[[ RECORDS SUPPLIED, beginning ]]

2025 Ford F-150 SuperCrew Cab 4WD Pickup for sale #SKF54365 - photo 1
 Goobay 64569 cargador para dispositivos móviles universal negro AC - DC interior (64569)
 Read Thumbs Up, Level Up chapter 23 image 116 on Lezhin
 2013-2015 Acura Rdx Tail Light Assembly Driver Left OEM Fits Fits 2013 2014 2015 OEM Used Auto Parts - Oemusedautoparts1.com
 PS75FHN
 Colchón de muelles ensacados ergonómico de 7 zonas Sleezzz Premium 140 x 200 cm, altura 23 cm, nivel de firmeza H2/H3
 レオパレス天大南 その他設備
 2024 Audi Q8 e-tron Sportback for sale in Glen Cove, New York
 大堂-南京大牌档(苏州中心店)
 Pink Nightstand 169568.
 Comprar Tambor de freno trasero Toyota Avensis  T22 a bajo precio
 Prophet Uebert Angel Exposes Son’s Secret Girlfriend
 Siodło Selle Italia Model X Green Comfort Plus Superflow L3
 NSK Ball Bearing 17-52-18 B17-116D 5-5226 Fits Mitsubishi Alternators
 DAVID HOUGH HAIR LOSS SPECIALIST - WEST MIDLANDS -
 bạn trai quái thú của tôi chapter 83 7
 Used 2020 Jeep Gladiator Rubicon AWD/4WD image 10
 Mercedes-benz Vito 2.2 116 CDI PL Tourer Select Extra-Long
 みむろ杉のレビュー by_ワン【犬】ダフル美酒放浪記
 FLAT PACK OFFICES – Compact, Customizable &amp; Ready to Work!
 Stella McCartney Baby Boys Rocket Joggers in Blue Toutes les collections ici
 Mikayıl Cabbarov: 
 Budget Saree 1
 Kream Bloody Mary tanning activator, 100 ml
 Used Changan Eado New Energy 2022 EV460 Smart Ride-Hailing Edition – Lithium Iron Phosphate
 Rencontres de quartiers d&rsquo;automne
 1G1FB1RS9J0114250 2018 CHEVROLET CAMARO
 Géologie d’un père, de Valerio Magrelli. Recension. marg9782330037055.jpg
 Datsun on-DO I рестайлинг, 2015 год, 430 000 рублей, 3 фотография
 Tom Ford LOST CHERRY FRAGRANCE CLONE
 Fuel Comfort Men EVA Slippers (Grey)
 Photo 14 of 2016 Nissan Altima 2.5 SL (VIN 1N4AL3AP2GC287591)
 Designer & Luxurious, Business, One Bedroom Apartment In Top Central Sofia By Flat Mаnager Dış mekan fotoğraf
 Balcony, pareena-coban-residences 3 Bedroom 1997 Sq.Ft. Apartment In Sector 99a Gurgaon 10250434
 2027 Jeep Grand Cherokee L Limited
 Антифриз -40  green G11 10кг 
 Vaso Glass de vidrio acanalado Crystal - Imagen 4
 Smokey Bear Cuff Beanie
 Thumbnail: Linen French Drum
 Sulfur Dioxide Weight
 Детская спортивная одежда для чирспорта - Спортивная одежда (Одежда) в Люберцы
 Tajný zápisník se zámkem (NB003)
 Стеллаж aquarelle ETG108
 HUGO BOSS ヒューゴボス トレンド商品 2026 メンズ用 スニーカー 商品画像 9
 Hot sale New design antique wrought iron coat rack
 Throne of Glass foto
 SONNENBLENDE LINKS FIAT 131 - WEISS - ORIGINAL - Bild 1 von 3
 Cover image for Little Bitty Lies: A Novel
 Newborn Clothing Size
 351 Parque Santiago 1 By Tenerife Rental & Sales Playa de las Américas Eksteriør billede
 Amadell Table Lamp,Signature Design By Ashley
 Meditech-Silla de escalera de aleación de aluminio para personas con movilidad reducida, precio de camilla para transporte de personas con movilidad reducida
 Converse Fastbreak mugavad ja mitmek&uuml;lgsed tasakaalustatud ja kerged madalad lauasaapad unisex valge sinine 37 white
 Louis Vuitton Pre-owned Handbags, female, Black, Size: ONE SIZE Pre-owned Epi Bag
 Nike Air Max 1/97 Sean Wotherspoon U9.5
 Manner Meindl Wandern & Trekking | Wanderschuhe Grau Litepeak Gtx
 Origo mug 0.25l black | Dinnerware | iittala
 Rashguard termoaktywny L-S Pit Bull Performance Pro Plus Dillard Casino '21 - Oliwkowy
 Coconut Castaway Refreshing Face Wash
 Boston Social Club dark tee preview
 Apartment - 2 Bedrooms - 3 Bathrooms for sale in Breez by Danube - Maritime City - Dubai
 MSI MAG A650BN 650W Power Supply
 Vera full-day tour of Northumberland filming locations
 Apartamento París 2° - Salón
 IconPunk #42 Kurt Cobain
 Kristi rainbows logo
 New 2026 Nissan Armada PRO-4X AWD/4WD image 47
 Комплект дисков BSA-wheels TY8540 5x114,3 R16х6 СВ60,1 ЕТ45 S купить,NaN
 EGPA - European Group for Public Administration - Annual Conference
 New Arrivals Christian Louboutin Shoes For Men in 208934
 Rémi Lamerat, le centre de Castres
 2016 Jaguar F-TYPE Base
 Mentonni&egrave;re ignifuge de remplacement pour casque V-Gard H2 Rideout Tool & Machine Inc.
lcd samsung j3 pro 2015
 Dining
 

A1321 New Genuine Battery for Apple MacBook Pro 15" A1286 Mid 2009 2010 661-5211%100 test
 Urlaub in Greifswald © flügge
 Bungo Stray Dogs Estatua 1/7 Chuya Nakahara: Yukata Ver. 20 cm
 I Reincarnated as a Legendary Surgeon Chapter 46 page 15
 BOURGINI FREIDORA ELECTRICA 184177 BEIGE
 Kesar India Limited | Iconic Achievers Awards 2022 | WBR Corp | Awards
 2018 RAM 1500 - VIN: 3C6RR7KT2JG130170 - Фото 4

[[ RECORDS SUPPLIED, end ]]

# WHAT THIS TASK INVOLVES
Out of the data above, transcribe exactly and only the lines starting with the line that has "レオパレス天大南 その他設備" and going on through the line that has "Prophet Uebert Angel", both included.

# RESULT OF THIS TASK
 レオパレス天大南 その他設備
 2024 Audi Q8 e-tron Sportback for sale in Glen Cove, New York
 大堂-南京大牌档(苏州中心店)
 Pink Nightstand 169568.
 Comprar Tambor de freno trasero Toyota Avensis  T22 a bajo precio
 Prophet Uebert Angel Exposes Son’s Secret Girlfriend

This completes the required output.